**DESCRIPTION OF THE TASK**: Copy word for word the lines of the records below, beginning at the one with "Watch Band for" and finishing at the one with "Lija Glass Vase with Ribbed Surface, H 30 cm", ends included, but none of the pictures.

**DATA FOR THIS EXERCISE**:

:::::

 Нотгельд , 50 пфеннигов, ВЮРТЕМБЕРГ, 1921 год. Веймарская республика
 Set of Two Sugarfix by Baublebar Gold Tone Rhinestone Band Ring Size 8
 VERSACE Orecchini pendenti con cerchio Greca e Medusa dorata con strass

:::::

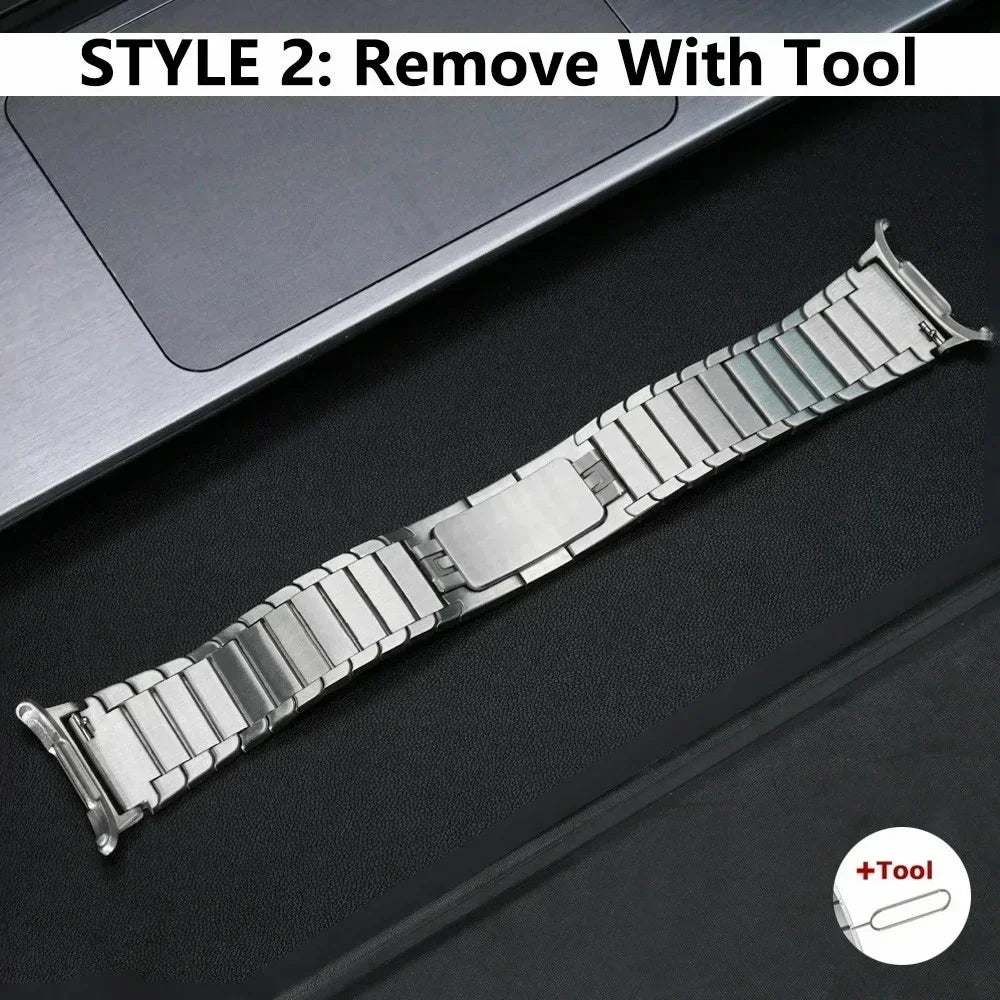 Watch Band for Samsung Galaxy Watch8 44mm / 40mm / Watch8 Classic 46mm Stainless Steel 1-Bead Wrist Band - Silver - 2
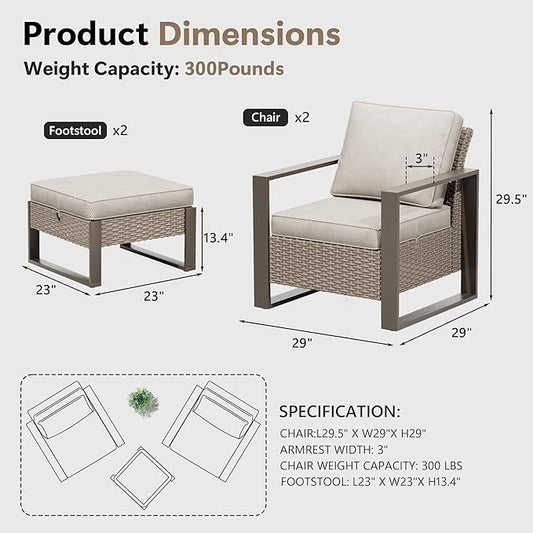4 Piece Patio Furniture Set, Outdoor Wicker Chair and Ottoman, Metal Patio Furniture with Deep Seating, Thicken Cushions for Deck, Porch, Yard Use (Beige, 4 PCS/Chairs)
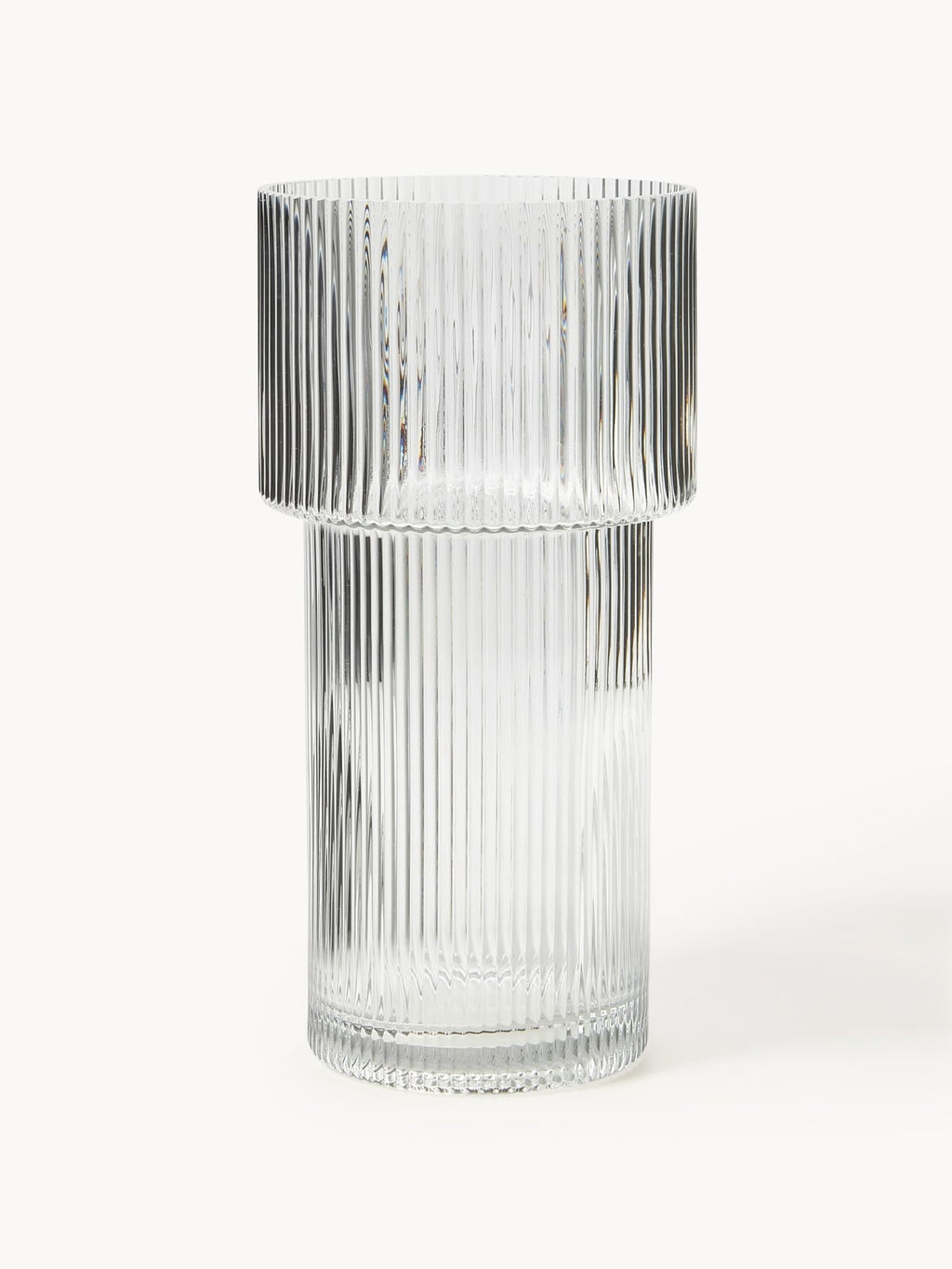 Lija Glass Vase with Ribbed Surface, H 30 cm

:::::

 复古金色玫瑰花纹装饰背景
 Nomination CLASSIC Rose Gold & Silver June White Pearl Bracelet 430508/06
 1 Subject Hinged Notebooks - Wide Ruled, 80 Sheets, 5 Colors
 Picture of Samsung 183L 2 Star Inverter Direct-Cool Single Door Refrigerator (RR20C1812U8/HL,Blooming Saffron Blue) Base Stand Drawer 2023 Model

:::::

**RESULT OF THIS EXERCISE**:
 Watch Band for Samsung Galaxy Watch8 44mm / 40mm / Watch8 Classic 46mm Stainless Steel 1-Bead Wrist Band - Silver - 2
4 Piece Patio Furniture Set, Outdoor Wicker Chair and Ottoman, Metal Patio Furniture with Deep Seating, Thicken Cushions for Deck, Porch, Yard Use (Beige, 4 PCS/Chairs)
 Lija Glass Vase with Ribbed Surface, H 30 cm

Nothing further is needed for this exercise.